I already spent some time on a censorship detector that takes our usage
data as input and tells us whenever the usage on a given day falls outside
an expected interval. But I'm afraid I don't know enough math to push
this further, at least not without reading more about time series
analysis. Maybe someone wants to pick this up?
Here's where I am:
We take our estimated daily user numbers as input. Our goal is to give
out a warning whenever the estimated user number from a given country
drops below a predicted value. This predicted value is not static, but
should depend on previous values, therefore we should use time series
analysis. We want to model the user numbers for days 1..n-1, predict a
value for day n, and warn if the actual value for day n is lower than the
predicted value minus some error.
I read some stuff about time series analysis and came up with the ARIMA
model. Thankfully, the ARIMA model is already implemented in R.
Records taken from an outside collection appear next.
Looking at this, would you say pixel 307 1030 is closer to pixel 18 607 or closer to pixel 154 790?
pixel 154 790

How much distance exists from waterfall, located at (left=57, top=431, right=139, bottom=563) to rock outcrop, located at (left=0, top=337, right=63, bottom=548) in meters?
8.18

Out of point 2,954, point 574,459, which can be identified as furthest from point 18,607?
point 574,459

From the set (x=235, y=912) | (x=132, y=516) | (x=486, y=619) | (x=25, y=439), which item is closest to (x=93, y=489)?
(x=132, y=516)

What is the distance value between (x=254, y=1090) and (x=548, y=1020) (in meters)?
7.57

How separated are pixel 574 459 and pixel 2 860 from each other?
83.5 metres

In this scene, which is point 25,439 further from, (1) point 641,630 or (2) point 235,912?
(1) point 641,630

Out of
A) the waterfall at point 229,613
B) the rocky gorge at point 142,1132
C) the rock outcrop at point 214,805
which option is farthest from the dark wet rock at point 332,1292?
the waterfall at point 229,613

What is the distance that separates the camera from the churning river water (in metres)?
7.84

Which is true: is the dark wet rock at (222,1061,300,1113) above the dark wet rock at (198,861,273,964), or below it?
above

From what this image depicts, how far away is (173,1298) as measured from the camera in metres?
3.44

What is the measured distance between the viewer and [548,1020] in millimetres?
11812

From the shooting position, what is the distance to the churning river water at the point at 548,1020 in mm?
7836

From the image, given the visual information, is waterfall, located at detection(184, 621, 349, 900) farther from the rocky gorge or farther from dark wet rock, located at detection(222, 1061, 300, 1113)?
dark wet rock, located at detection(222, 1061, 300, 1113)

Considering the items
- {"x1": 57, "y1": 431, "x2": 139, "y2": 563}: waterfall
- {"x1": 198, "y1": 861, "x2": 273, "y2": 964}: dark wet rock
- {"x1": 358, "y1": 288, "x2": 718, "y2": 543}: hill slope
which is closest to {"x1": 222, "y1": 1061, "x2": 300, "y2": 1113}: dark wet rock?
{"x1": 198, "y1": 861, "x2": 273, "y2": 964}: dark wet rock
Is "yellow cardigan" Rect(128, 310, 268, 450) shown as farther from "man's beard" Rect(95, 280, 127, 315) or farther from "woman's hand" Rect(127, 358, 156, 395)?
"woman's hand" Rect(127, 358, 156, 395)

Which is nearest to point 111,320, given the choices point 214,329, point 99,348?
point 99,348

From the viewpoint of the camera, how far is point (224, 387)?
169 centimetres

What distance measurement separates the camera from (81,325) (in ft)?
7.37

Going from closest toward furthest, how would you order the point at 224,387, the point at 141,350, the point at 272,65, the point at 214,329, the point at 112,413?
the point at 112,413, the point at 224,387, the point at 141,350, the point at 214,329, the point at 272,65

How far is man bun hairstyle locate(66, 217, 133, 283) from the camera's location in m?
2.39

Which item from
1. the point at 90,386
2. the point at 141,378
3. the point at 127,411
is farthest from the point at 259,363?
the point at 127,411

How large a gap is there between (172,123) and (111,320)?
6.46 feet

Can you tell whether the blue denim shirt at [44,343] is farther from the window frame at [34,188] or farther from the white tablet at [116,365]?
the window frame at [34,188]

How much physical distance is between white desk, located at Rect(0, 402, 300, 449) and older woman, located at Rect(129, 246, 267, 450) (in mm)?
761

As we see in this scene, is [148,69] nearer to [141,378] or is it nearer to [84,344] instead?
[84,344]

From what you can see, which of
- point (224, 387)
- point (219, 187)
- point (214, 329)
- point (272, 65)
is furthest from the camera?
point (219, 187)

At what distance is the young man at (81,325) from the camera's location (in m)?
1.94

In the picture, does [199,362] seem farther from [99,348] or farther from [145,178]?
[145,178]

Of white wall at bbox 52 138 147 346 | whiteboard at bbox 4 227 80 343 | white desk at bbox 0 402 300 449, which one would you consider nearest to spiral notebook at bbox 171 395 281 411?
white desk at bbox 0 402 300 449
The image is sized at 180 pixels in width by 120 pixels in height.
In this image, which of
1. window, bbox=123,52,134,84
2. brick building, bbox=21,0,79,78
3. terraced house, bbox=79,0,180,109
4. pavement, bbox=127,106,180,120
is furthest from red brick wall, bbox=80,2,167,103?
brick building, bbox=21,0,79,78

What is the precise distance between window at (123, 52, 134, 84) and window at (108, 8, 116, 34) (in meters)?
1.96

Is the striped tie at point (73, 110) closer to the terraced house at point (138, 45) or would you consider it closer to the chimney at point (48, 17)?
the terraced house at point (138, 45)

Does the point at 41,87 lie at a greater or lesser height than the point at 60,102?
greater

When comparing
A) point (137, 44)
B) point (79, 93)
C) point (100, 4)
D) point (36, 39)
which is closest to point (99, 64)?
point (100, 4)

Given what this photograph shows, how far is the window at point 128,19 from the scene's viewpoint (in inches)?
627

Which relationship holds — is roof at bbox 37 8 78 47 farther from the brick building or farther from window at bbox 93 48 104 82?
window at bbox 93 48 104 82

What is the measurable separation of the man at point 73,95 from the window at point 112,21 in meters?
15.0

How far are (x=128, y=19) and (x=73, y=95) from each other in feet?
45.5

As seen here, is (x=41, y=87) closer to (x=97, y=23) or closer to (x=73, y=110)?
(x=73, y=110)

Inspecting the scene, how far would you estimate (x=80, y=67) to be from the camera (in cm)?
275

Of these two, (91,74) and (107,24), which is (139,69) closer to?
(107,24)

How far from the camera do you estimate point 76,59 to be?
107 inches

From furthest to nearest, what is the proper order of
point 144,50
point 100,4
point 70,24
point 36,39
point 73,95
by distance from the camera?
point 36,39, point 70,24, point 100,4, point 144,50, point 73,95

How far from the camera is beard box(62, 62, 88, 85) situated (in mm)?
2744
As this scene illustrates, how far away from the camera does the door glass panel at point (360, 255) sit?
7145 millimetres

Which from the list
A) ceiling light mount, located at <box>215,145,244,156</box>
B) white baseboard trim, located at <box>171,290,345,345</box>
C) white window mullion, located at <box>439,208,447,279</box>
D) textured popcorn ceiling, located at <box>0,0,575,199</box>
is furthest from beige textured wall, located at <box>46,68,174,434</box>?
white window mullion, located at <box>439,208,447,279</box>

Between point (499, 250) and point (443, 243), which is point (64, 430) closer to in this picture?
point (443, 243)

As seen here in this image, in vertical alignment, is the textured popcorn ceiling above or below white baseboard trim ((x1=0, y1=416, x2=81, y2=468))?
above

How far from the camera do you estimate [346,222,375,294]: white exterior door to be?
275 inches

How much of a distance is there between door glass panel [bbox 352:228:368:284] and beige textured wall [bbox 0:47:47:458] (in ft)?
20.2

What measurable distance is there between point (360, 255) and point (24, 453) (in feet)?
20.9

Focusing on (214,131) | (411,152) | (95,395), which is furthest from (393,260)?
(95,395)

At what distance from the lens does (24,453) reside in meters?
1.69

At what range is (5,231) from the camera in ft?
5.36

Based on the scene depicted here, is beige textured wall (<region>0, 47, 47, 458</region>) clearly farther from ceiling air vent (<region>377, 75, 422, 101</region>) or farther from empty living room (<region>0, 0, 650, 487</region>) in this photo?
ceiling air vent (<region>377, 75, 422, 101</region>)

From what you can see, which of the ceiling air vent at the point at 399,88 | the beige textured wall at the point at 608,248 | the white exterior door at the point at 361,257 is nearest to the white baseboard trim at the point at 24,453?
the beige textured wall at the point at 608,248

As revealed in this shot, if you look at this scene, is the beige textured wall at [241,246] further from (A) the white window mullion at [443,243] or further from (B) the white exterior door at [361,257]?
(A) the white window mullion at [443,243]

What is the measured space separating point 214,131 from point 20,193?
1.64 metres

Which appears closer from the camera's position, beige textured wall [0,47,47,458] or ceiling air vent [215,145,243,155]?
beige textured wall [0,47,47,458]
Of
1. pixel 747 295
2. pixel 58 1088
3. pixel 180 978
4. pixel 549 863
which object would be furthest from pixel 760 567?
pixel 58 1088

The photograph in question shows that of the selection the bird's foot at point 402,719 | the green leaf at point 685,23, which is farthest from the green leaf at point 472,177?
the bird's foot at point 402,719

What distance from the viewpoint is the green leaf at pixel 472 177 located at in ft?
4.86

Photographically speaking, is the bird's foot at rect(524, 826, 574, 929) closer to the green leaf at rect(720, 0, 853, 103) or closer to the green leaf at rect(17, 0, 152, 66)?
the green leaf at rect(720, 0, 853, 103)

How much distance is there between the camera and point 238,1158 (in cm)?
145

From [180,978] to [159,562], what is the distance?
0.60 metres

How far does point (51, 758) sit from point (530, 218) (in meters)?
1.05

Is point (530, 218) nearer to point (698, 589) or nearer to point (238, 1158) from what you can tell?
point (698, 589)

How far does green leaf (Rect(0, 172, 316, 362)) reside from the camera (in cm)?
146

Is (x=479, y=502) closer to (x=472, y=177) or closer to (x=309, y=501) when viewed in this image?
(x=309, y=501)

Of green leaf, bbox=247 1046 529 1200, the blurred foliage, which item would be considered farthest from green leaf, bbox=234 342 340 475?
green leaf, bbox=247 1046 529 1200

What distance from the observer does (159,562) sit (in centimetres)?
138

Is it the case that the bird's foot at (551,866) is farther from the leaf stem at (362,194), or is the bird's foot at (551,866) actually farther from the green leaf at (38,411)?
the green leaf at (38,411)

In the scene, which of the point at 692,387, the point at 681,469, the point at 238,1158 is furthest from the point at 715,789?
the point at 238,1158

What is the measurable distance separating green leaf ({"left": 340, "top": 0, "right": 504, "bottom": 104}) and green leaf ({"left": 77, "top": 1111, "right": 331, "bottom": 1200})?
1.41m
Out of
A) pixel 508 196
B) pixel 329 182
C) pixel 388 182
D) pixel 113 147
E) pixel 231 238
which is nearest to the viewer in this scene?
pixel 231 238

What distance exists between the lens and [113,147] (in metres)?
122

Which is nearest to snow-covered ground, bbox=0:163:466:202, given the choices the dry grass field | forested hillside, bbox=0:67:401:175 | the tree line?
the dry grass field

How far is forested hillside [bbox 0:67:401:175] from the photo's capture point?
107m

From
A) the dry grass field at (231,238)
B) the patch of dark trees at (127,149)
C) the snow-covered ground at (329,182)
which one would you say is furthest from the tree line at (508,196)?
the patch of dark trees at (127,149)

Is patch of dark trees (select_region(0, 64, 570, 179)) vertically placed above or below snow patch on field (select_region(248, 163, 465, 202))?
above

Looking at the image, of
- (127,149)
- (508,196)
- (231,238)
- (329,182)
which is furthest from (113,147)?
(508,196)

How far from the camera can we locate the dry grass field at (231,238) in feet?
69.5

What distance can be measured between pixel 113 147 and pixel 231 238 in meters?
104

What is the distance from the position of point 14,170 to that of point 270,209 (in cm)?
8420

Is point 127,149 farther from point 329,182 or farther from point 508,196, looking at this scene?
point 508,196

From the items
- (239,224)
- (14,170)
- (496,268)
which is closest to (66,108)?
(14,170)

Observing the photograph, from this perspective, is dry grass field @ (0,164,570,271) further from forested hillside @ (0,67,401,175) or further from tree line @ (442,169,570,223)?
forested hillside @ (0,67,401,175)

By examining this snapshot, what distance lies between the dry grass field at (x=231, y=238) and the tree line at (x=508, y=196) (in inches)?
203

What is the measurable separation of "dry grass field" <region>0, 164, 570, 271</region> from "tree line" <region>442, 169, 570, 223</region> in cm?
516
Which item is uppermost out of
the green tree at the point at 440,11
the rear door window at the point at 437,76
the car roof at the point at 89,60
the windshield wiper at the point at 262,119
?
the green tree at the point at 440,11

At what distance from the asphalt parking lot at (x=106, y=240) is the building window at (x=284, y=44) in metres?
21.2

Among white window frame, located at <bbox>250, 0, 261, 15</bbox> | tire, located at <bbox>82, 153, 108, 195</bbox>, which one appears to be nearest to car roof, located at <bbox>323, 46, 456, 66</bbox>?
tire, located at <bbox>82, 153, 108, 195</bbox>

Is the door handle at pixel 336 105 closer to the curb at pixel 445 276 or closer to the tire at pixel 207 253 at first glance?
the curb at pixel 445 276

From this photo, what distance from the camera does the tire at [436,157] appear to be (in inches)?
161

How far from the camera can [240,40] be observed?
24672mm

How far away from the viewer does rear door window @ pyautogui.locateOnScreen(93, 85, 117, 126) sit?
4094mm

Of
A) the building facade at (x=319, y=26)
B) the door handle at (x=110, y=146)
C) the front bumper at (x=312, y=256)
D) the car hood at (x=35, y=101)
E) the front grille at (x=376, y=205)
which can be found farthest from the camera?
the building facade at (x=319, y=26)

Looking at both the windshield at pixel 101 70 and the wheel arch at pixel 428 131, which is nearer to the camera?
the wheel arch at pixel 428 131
I'm going to upload some R code to the [http://gitweb.torproject.org
/metrics-tasks.git metrics-tasks] repository once I have a ticket number
(see comment below). The R code generates a PDF that shows on which days
we'd receive a warning. I'm also going to attach the PDf to this ticket.
Here's how you can run the R code yourself:
{{{
$ wget https://metrics.torproject.org/csv/direct-users.csv
$ R --slave -f detect-censorship.R
}}}
Possible next steps are a) finding good parameters for the ARIMA model, b)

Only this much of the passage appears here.